Introdução
Ao escolher o tema de dissertação de Mestrado na Universidade de São Paulo, agora transformada em livro, fui impelido por uma motivação que não fica restrita somente ao âmbito intelectual e acadêmico. É bem verdade que tinha a curiosidade de compreender como diferentes figuras do povo judeu lidaram com as transformações tão profundas que acometeram o Ocidente, a partir do final do século 18. Também sou obrigado a confessar que, só pelo deslumbramento com o tema, e o entendimento mais aguçado dos pormenores, nuanças e da complexidade que esta discussão remete, teria-me dado por satisfeito.
Porém, ao longo da pesquisa, percebi que este tema representava algo muito mais profundo, que poderia denominar existencial. A minha busca não era só pelo conhecimento, pelo saber, pela solução de uma equação com tantas "variáveis" que, de tão complexa, sua resolução parecia impossível, mas, também, pelo entendimento de uma questão que até nossos dias intriga e desafia pessoas com uma identidade religiosa que pretendem, desejam e acreditam no imperativo de pertencer à sociedade moderna, com toda a problemática que esta inserção apresenta.
As "variáveis" desta equação, às quais me refiro, dizem respeito à emancipação dos judeus na Europa, a partir do final do século 18, em concomitante ao processo de secularização da vida social, o surgimento e a forte popularidade que o Movimento Reformista atinge neste período, o processo de assimilação de grandes parcelas de judeus na sociedade mais ampla, que culmina com a perda de significativos componentes do repertório cultural e religioso do judaísmo tradicional e, por fim, as estratégias das lideranças rabínicas tradicionais para lidar com esses processos.

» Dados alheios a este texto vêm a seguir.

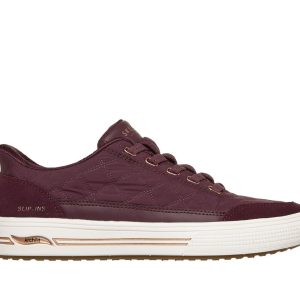 Skechers Slip-ins: Arch Fit Arcade - Cozy Fit Cuddle Steps
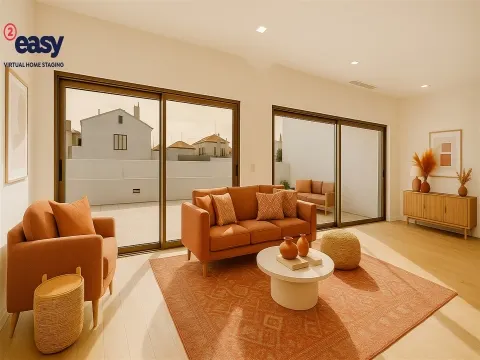 Brand new 4 bedroom villa in Fanqueiro - Loures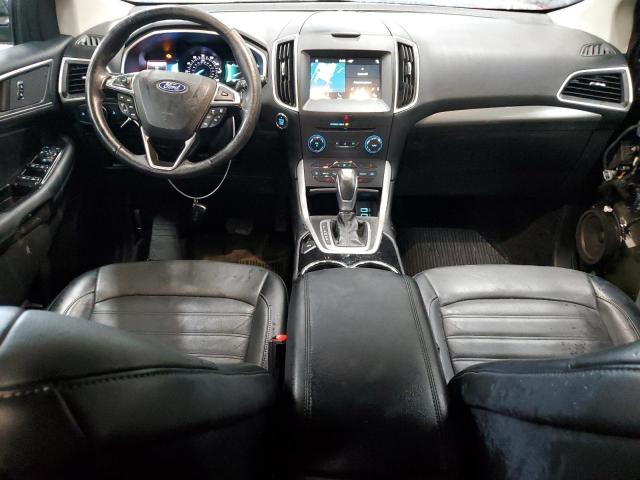 2018 FORD EDGE SEL 2FMPK4J90JBB28859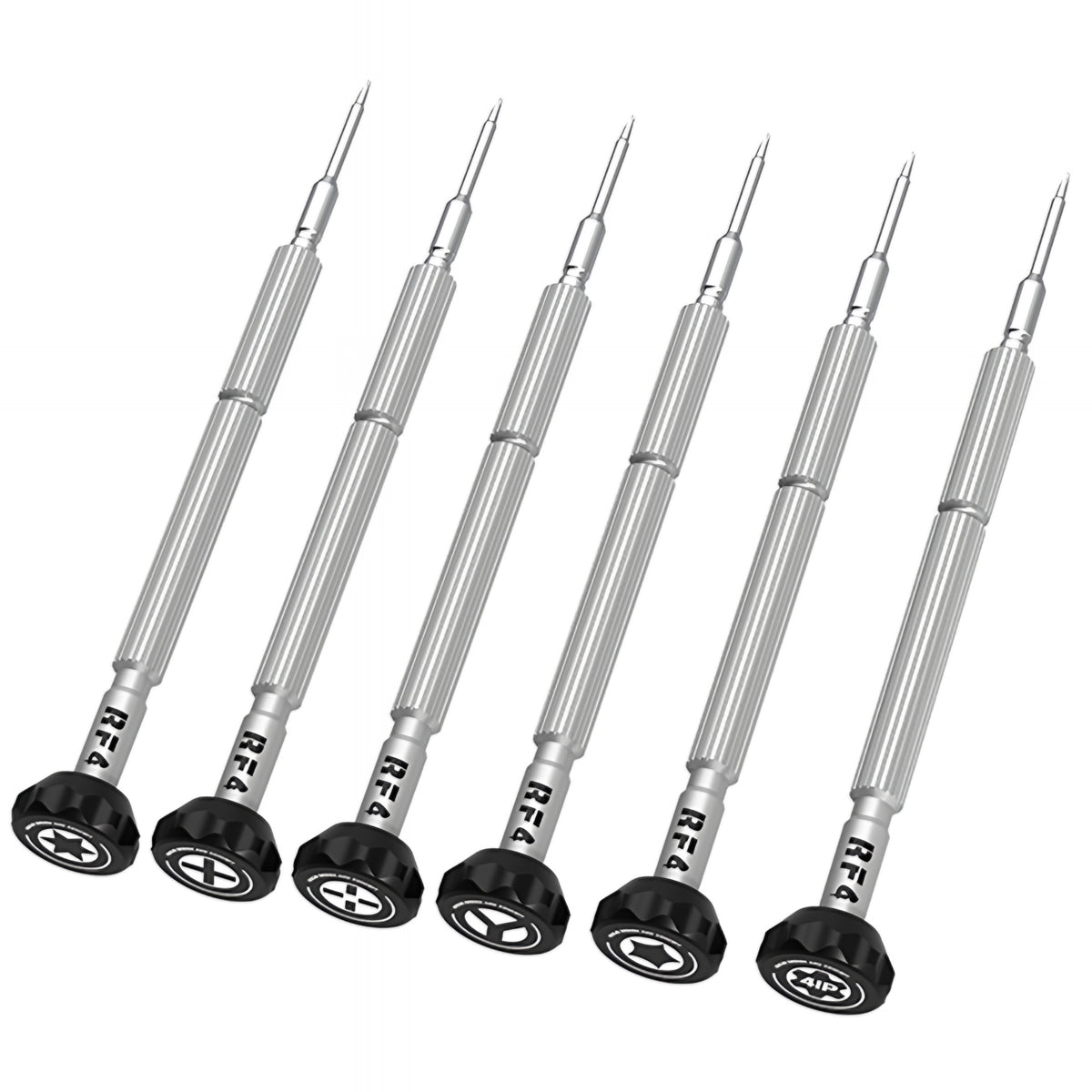 Surubelnita RF4 RF-SD17 Mini, 6in1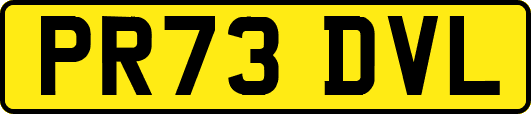 PR73DVL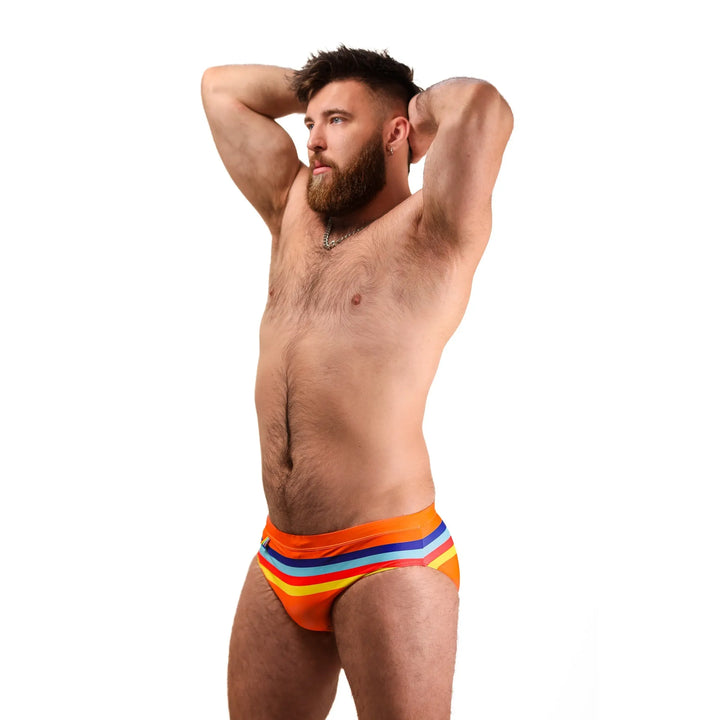 Strut Swim Brief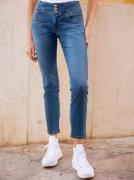 NU 20% KORTING: heine 5-pocket jeans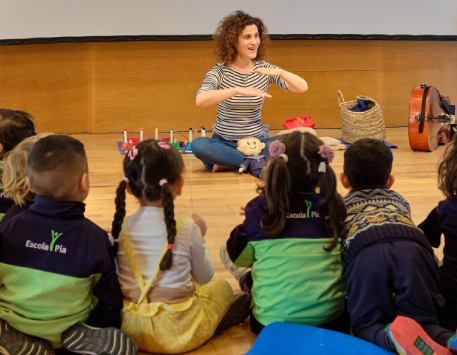 Els tresors d’en Pau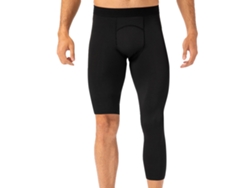 Ropa Interior De Baloncesto De Una Sola Pierna, Mallas Transpirables Para Hombre Para Entrenamiento Y Fitness.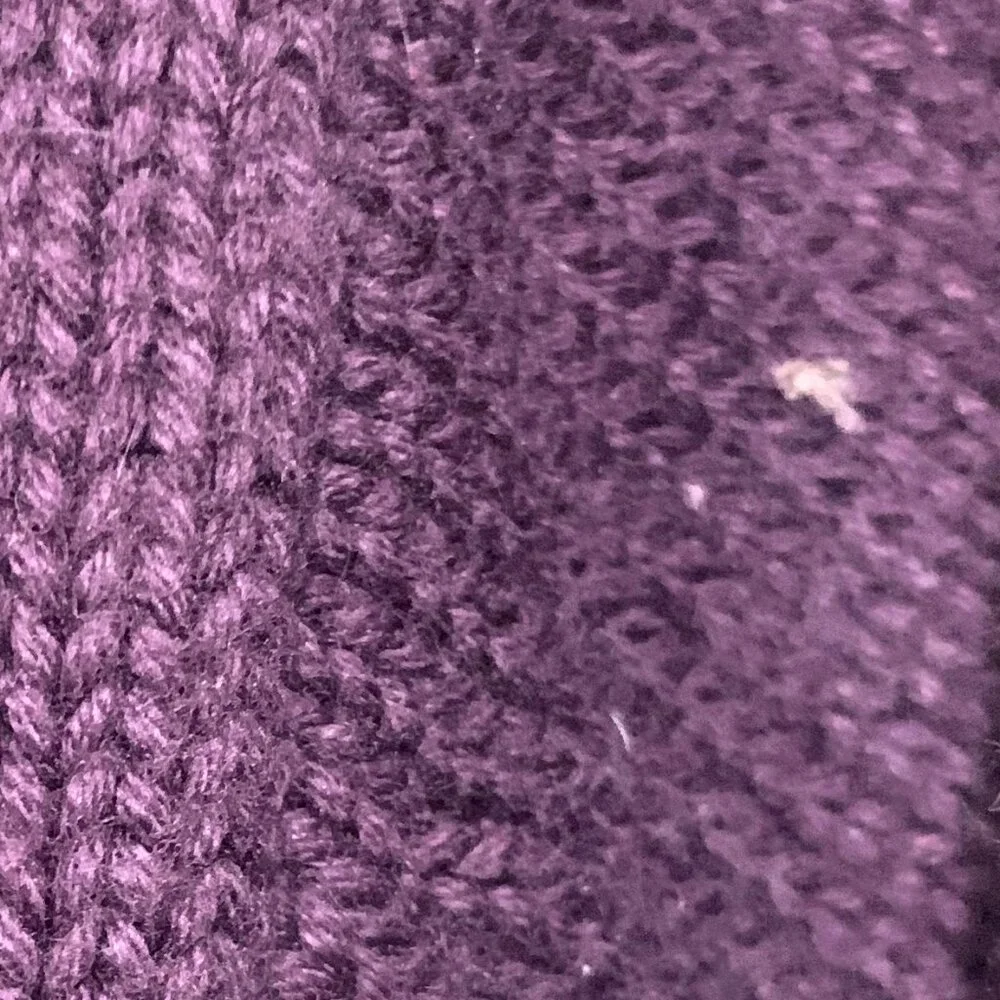 VINTAGE NORTHERN REFLECTIONS EMBROIDERED SWEATER CARDIGANS SIZE L - Picture 10 of 11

A modernidade trouxe consigo muito mais que transformações sociais, políticas ou religiosas. Ela provocou, instigou e levou a uma reflexão muito mais profunda, no que diz respeito ao papel do homem no mundo, que passa a funcionar orientado por novos padrões de pensamento, resultado do rápido avanço da ciência e da noção de progresso como desideratum último.
Nesse cenário de grandes transformações, judeus e não judeus tiveram que reorganizar suas visões de mundo. No caso das lideranças judaicas, neste novo arranjo, valores, identidade e missão precisam ser redefinidos - não mais a partir de uma estrutura externa que impõe, obriga e limita, mas sim, a partir da escolha, da opção, do pacto e do compromisso.
Ao longo dos anos em que se estendeu esta pesquisa, compreendi que uma das motivações por trás dela era uma busca pessoal - a partir da qual pretendia compreender como o judaísmo contemporâneo pode e deve dialogar dentro desta nova ordem, qual a sua relevância e qual a sua mensagem para um mundo onde a relativização dos valores e a crescente importância do indivíduo vis-à-vis à comunidade parecem conflitar com as premissas da religião, baseada na revelação, verdade absoluta e submissão completa a Deus. Compreendi que precisava buscar os limites, se é que há algum, para esta exposição e este diálogo.
Em relação às reflexões que, é necessário salientar, já começaram a partir do final do século 18 e continuam relevantes nos dias de hoje. O pensador Eliezer Don-Yehiya explica haver quatro tipos diferentes de respostas religiosas ao processo de secularização e modernização: isolamento; adaptação; compartimentalização e expansão. Enquanto o primeiro e o quarto tipos de reação representam facetas e manifestações associadas ao fundamentalismo, uma vez que negam qualquer tipo de interlocução com a sociedade - evitando o contato pelo isolamento, ou impondo o seu modus vivendi pela expansão, as duas reações - a de adaptação e compartimentalização - interagem com a realidade e buscam alternativas para a preservação de valores e princípios importantes e preciosos, dentro de um contexto diferente.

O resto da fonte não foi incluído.